Line a large baking pan with foil; coat with cooking spray. Place pretzels in a large bowl.

In a smaller bowl, combine honey, butter, onion powder and chili powder and mix well. I warmed mine up for about 20 secs so it would pour easier. Pour over pretzels; toss to coat evenly. Spread onto the prepared pan.

Bake at 350 for 8 minutes, stirring once. Cool on a wire rack, stirring gently several times to separate.

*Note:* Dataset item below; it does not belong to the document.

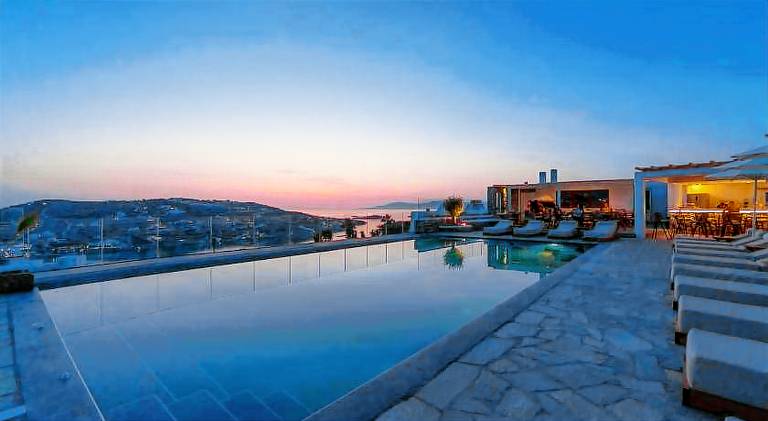 Rental apartment with pool, yard & terrace | Pets allowed in Mykonos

*Note: I did find it quite odd putting sticks on a wire rack (hello! they’re just going to fall through), so I put a plate underneath to catch them when they did indeed fall through. It doesn’t take these interesting sticks long to cool off….so start breaking them up as soon as you take them out of oven. Also, don’t overcook them! They have honey and the sugars will burn.

Enjoy!

Friday, January 14, 2011

Leek and Potato Soup

This versatile soup is good as a side dish, a warm creamy appetizer at a party or even as a main course.

Serves: 2-3 for main dish
Ingredients:
10 oz potato, peeled and chopped, about 2 cups
2 cups sliced leeks, about 2 leeks if using the green parts
3 cups water
¾ tsp salt
Pepper to taste
3 Tbl heavy whipping cream

Bring leeks, potatoes, water and salt to a boil. Cover and simmer for 20-30 minutes or until tender. To finish the soup, puree the soup through a food processor or blender and add cream. You can serve right from the blender or put back in the soup pot.

I tried to just use a potato masher but the blender is the way to go to get a thick creamy stick to your ribs soup.

*Note: If you don’t mind a green tint to your soup, feel free to use the stalks of the leeks. I also used a can of chicken broth in place of 14 oz of the water.

Sunday, December 26, 2010

Fruit Dip

There are tons and tons of different fruit dip recipes out there using ingredients such as: jello, yogurt, cottage cheese (yes, I found one), cool whip and the list continues. My favorite...and the favorite of a few of my friends happens to use:

1 (7 oz) jar marshmallow creme
1 pkg of reduced fat cream cheese, softened
2-3 Tbl orange juice

Using an electric mixer, whip the marshmallow creme with the cream cheese. Once those are nicely incorporated, stir in the orange juice. If you drink orange juice on a regular basis and keep it in the fridge...use that. If you're like me and never have the stuff around, feel free to buy ONE orange and juice it yourself! For an extra flare, stir in some orange zest.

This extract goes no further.